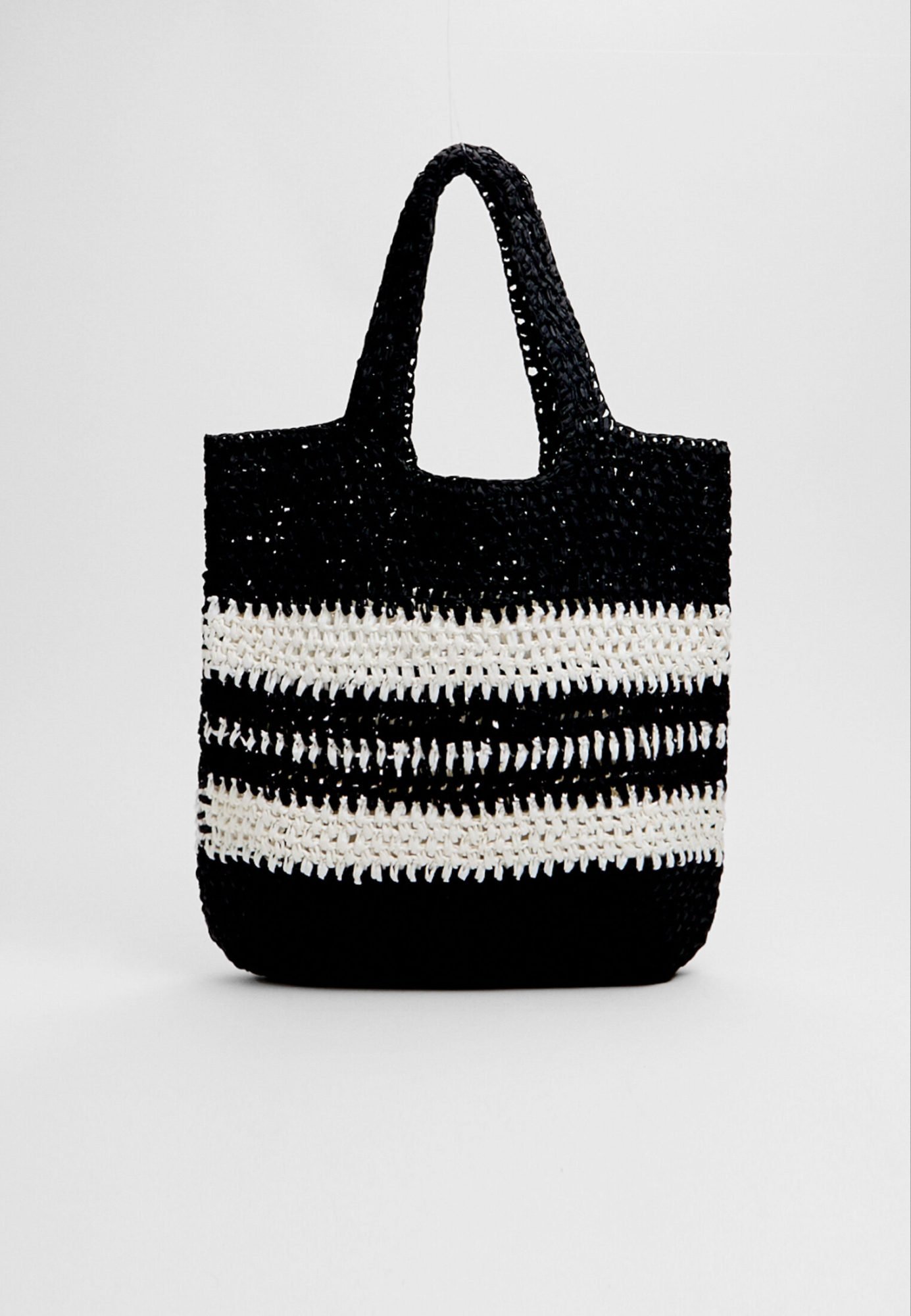 Striped Raffia Tote Bag Stradivarius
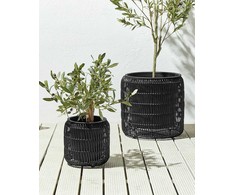 Beliani Rinkinys 2 doniczek BRODIEA Technorattan 26/45 cm Juodas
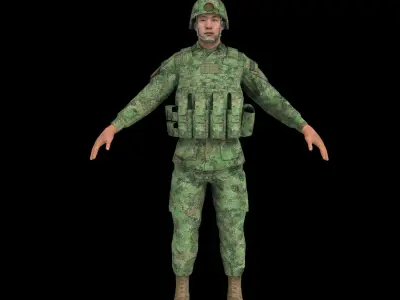 Chinese soldier 3D model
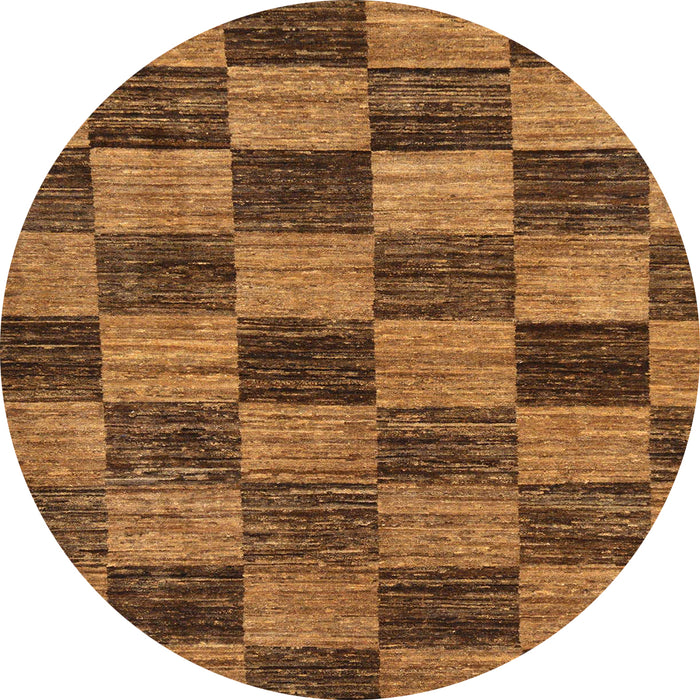 Round Abstract Saddle Brown Modern Rug, abs234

__Directions for this task__:
Exactly the lines from the one that contains "Beliani Rinkinys 2" to the last line of the data, both included, should be set down, and no pictures should appear among them.

__Expected answer__:
 Beliani Rinkinys 2 doniczek BRODIEA Technorattan 26/45 cm Juodas
 Chinese soldier 3D model
 Round Abstract Saddle Brown Modern Rug, abs234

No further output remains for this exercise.